La panne survenue au poste de transformation de San Pedro de Macorís, appartenant à la Compagnie dominicaine de transport d'électricité (ETED), a entraîné l'arrêt de toutes les centrales électriques du pays, plongeant ainsi la nation entière dans le noir. Cette panne a directement affecté le métro et le réseau de téléphériques de Saint-Domingue, provoquant d'importants embouteillages sur les principales artères et rues de la ville.
Le ministre de l'Énergie et des Mines, Joel Santos, a annoncé que les transports en commun seraient gratuits et que leurs horaires seraient étendus de deux heures afin de faciliter la mobilité des citoyens, même si la mise en œuvre de cette mesure a été lente, le métro et certains téléphériques restant hors service.
Des habitants comme Nicole Gómez, résidente de Villa Mella, ont raconté les difficultés rencontrées pour se déplacer pendant la panne de courant. Elle a expliqué avoir quitté l'avenue Máximo Gómez à 18h15 et n'être arrivée chez elle qu'à 21h00, confrontée à une circulation dense et chaotique.
« Les bus demandaient 100 pesos, alors que le tarif normal est de 35, et les conducteurs de moto-taxi en demandaient entre 300 et 400. J'ai dû négocier plusieurs fois pour pouvoir payer moins cher et poursuivre mon voyage jusqu'à chez moi », a expliqué Gómez.

De grandes foules se sont formées hier soir au milieu du chaos provoqué par la panne de courant. (Source externe).
Le trajet de Nicole comprenait trois étapes : d’APEC à Ovando (35 pesos), un bus d’Ovando à Mama Tingo (elle avait demandé 100 pesos, mais n’a pu en payer que 80), et un dernier trajet en voiture pour rentrer chez elle (35 pesos). Ces exorbitants illustrent un phénomène connu sous le nom de « tarification d’urgence », qui s’est répété dans plusieurs quartiers de Saint-Domingue et a mis en évidence le manque de réglementationen situation de crise.
Pour un Dominicain moyen, une journée de transport en commun coûte entre 70 et 105 pesos, selon les trajets empruntés. Lors de la panne de courant du 11 novembre, ce même trajet a doublé , voire triplé, engendrant une dépense imprévue qui a pesé lourdement sur le budget familial.
Des citoyens ont signalé que, sur des trajets similaires, les conducteurs de moto-taxi facturaient jusqu'à 400 pesos pour de courtes courses, tandis que les bus exigeaient des tarifs trois fois supérieurs à la normale.
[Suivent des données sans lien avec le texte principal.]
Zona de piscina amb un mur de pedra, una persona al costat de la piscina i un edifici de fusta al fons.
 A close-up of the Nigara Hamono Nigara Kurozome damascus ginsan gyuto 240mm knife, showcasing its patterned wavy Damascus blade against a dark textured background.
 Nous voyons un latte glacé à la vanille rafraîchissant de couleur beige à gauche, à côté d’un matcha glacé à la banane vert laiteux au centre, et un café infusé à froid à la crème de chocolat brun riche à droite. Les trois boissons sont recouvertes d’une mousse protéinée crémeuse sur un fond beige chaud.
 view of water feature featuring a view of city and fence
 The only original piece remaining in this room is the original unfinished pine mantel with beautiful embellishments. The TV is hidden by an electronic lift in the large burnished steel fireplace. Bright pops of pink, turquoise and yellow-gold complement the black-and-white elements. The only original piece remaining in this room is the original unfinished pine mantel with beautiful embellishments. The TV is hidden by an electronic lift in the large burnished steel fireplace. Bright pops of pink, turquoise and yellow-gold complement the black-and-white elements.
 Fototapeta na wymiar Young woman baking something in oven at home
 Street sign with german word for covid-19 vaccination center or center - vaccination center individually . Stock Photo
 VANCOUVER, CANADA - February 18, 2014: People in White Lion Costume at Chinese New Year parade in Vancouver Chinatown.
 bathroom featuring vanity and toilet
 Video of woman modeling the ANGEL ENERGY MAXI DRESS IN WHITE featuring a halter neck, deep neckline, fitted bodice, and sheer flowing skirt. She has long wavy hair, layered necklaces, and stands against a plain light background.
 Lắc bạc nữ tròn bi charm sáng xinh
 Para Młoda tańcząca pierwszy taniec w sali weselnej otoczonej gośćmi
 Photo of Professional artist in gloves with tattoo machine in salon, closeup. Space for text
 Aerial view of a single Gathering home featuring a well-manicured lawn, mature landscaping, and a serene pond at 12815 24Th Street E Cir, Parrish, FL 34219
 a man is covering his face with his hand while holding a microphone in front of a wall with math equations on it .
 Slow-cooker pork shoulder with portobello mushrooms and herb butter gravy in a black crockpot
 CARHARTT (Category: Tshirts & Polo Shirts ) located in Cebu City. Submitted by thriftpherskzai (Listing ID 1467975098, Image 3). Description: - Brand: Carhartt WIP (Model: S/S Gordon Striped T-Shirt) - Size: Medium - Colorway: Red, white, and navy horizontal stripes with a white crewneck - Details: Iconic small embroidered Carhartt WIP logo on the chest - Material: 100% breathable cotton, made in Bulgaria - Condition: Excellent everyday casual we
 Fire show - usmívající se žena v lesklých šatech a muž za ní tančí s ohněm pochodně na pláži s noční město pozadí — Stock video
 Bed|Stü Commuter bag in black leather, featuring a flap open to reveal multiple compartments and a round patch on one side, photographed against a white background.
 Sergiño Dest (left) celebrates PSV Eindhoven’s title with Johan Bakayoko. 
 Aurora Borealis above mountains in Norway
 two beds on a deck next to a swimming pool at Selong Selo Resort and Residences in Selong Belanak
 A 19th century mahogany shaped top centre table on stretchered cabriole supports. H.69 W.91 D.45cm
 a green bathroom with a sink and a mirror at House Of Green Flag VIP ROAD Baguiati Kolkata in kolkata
Cette surtaxe d'urgence représente non seulement un coup dur pour l'économie, mais aussi un stress supplémentaire pour ceux qui dépendaient des transports en commun pour rentrer chez eux.
De nombreux usagers ont convenu que le manque d'organisation et de contrôle augmentait leur frustration. « Il était impossible de se déplacer, la circulation était dense et les chauffeurs pratiquaient des prix exorbitants. On ne pouvait se déplacer qu'en négociant avec eux », a déclaré Ana Leonardo, une usagère régulière du métro.
L'impact social était également manifeste : longues attentes au soleil, incertitude quant au retour à domicile et sentiment de vulnérabilité dû à des moyens de transport improvisés. Pour de nombreuses familles, une coupure de courant de quelques heures peut doubler, voire tripler, leurs dépenses quotidiennes et bouleverser leur quotidien.
Bien que les autorités soient parvenues à rétablir le service tôt le matin et à étendre les horaires des transports privés, de nombreux individus sans scrupules ont profité de la situation pour tirer profit du désir des citoyens de rentrer chez eux, en pratiquant des tarifs excessifs et incontrôlés.
La panne d'électricité du 11 novembre a mis en lumière la vulnérabilité du système de transport et l'importance de garantir des réseaux électriques fiables et des transports réglementés. Ce type de situation nous rappelle que la mobilité urbaine doit impérativement disposer de plans d'urgence et de mécanismes clairspour protéger les citoyens contre les abus de prix en cas de crise.